You can learn a lot about Sun Sign astrology by imagining them all as staff on an imaginary cruise ship – ours will be called the Princess Atlanta, although it’s naturally had a million former identities.
Aries is the Captain standing proudly on the bridge, gazing resolutely ahead and issuing snappy orders to the crew. He keeps a secret shit list and runs ten kilometers on the treadmill every morning before bullet-proof coffee. Cable news plays in the background 24-7. Aries fantasizes about the ship being attacked by pirates that he would defeat. The action footage would somehow make it onto the top news feeds of the day.
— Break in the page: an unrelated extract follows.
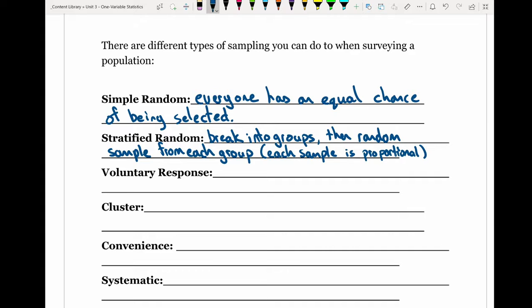A voluntary response sample is quite simple — people volunteer to answer. For example, if you've ever bought something and the cashier says there's a survey to fill out and circles it at the bottom of the receipt, that's a voluntary response. People volunteer to answer those questions; they're not required to and no one is forcing them — it's up to them whether they choose to or not.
Taurus is the ship’s beauty spa manager whom everyone has a crush on. They glide around with perfect posture and the merest whiff of patchouli. She sees sea witches outside her cabin at night and has a secret shrine to Amphitrite that nobody but the Scorpio ship therapist knows about. She has a line of salt across her cabin door and senses when the ship sails over a ley line.
She Senses When The Ship Sails Over A Ley Line
Gemini is the piano player who knows everything. He acts as an information broker. He is rumored to be an N.S.A spook and has a side-hustle of being a social media strategist. Gemini has a mental dossier on every guest of note, and he’s an expert at inane but compelling small talk that nonetheless elicits useful details.
Cancer is the ship’s chef who has secretly bought their supply of “food from home.” They fantasize about a mutiny against the Aries Captain but soothe such urges with carbohydrate benders in the privacy of their cabin. The Cancerian is unfailingly supportive and friendly to guests suffering seasickness or anxiety despite whining for a more substantial proportion of their shift than anyone else.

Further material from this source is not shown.